In Table 1, we summarize our results with both Gaussian and power-law meson wave functions for the vector meson decay constants. In the table, we also show the other related theoretical values in the literature [37–46]. From the table, we find that our numerical values with the power-law wave functions are slightly higher than those with the Gaussian ones.

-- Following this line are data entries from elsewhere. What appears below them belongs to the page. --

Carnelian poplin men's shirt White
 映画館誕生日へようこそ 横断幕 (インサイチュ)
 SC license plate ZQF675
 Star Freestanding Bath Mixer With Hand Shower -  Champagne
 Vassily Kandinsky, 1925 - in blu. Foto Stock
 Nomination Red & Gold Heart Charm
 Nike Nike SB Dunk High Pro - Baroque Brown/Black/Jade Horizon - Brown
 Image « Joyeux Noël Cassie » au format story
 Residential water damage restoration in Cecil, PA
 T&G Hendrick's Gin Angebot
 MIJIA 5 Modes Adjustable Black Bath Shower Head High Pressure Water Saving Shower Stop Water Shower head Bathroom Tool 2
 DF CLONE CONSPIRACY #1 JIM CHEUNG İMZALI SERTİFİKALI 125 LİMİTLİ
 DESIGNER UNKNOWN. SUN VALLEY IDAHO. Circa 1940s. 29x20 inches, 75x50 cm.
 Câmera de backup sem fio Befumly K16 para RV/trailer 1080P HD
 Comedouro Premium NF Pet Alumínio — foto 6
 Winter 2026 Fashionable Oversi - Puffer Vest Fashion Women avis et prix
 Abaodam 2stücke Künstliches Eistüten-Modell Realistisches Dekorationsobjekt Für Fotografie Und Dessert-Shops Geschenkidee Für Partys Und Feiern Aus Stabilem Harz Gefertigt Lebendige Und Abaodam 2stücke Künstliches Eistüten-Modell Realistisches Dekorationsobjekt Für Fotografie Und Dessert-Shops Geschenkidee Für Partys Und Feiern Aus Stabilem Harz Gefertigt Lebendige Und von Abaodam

In addition, we can see that our results for \(f_{D^{(*)}_{(s)},B^{(*)}_{(s)}}\) are consistent with those from the Lattice QCD [38] and QCD sum rules (QCDSR) in Refs. [40, 42] but larger than the ones in Ref. [43].

We note that \(f_{B_{(s)}^*}/f_{B}<1\) in Ref. [43]. For \(f_{B^*_c}\), our predicted values are all larger than those in Refs. [39, 41]. By comparing with Ref. [37], we see that our predictions for \(f_{D^{*}}\), \(f_{D^{*}_{s}}\), and \(f_{B^{*}}\) are consistent each other within errors, but those for \(f_{B^{*}_{s}}\) and \(f_{B^{*}_{c}}\) are not. The main reasons for the differences are that the author in Ref. [37] used a different set of input parameters such as quark masses and decay constants of the pseudoscalar mesons.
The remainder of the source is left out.